Transferowy cel numer jeden: Maxwell.

Ulesław | 14.12.2007; 23:19
Choć Marca zapewnia, że Miguel Ruiz lewą stronę chciałby obsadzić zawodnikiem PSG - Sylvainem Armandem, to jednak inne hiszpańskie dzienniki coraz wyraźniej donoszą o sondowaniu poważniejszych celów transferowych - Maxwella oraz Salcido. Brazylijczyk reprezentujący barwy Interu Ronaldowi Koemanowi rozwiązaniem wydaje się lepszym, ale Miguelowi Ruizowi zapewne trudniej będzie przekonać Maxwella, że Valencia powinna być jego następnym klubem; Salcido zaś mógłby wziąć przykład z byłego trenera i PSV zamienić na Valencię.
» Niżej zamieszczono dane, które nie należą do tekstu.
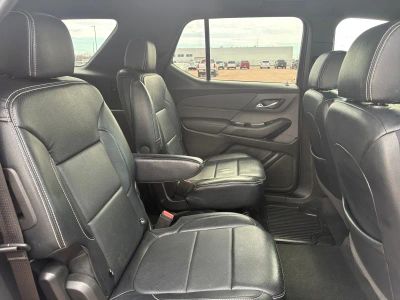 2022 Chevrolet Traverse — photo 14 view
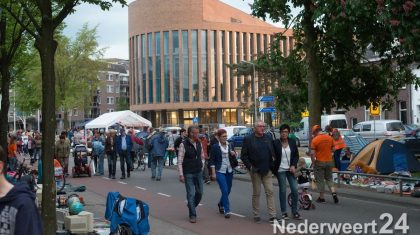 De vrijmarkt in Weert kende andere regels om de plaatsen te bezetten. Voor 20:00 uur mochten geen koopwaar worden uitgestald.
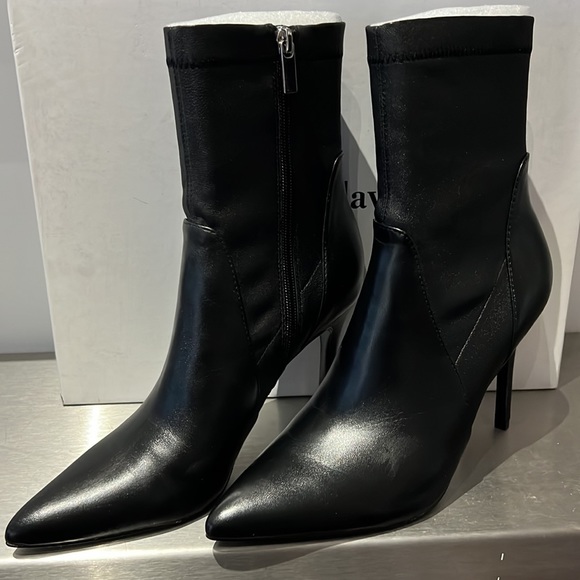 Charles David - Stiletto Heel - point toe - Leather Ankle boots - Picture 2 of 16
Sprawa z Maxwellem jest o tyle trudna, iż ustalenia włoskiej federacji nie wymagają umieszczania w kontraktach zawodników klauzuli odsprzedaży, a piłkarz posiada kontrakt ważny do 2011 roku, więc naciski na klub i groźby rychłego odejścia na prawie Bosmana w rachubę nie wchodzą. Ratunkiem mogą być jedne z najniższych w całym zespole zarobki piłkarza, choć i tę kwestię poruszano ostatnio w Mediolanie - przy okazji analizy apanaży jednej z największych gwiazd klubu - Zlatana Ibrahimovicia. Do tego miejsce w pierwszym składzie klubu, który awansował do 1/8 Ligii Mistrzów może być bardziej kuszące, niż oferta z drużyny, która póki co zawodzi na każdym froncie.
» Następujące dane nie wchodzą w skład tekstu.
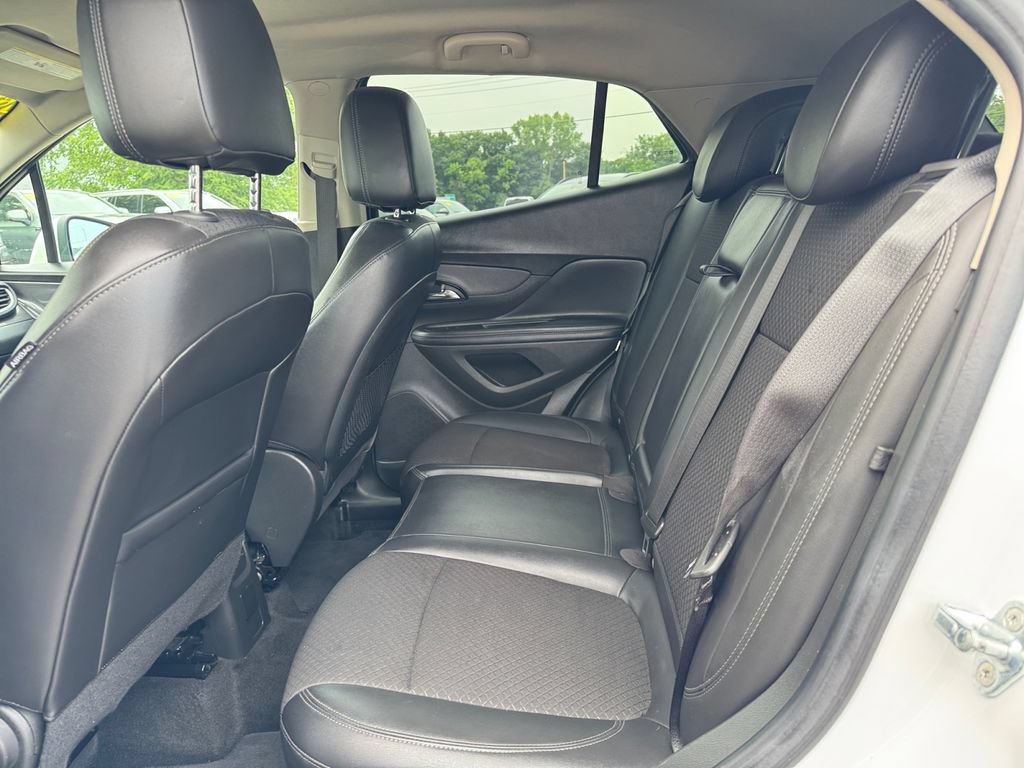 Used 2021 Buick Encore Preferred AWD/4WD image 36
Nieco inaczej wygląda sprawa Salcido, choć gracz PSV póki co jest wyjściem awaryjnym. I chyba to najbardziej przemawia na jego korzyść - Valencia ostatnimi czasy zadawalać musiała się samymi "wyjściami awaryjnymi" przy dokonywaniu wzmocnień składu. Ponadto, władze PSV podobno już rozglądają się za potencjalnymi następcami meksykańskiego defensora. Co ciekawe, przeszukując właśnie meksykański rynek piłkarski.
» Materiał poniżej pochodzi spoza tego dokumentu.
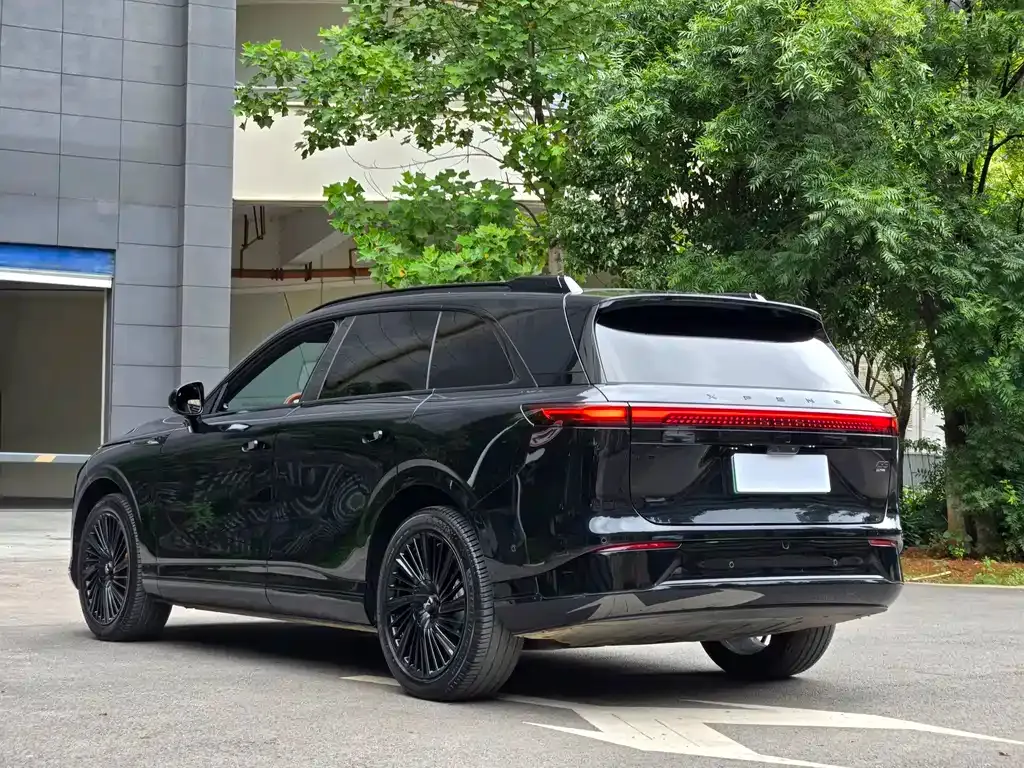 XPeng G9 — фото 7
Jeszcze innym rozwiązaniem może być sprowadzenie młodego piłkarza Ajaxu - Emmanuelsona. Czarnoskóry defensor podobno chciałby zamienić Amsterdam na Walencję, a Ronald Koeman podobno i jego chętnie zobaczyłby w swoim zespole już w styczniu przyszłego roku.

Wzmocnienia będą więc na pewno, ze zniecierpliwieniem wypada nam czekać na dalszy rozwój wypadków, a rozwiązanie przyniesie zimowe okienko transferowe, trwające cały styczeń. Prawdopodobnie pełen nie tylko długich zimowych wieczorów, ale i długich, monotonnych negocjacji.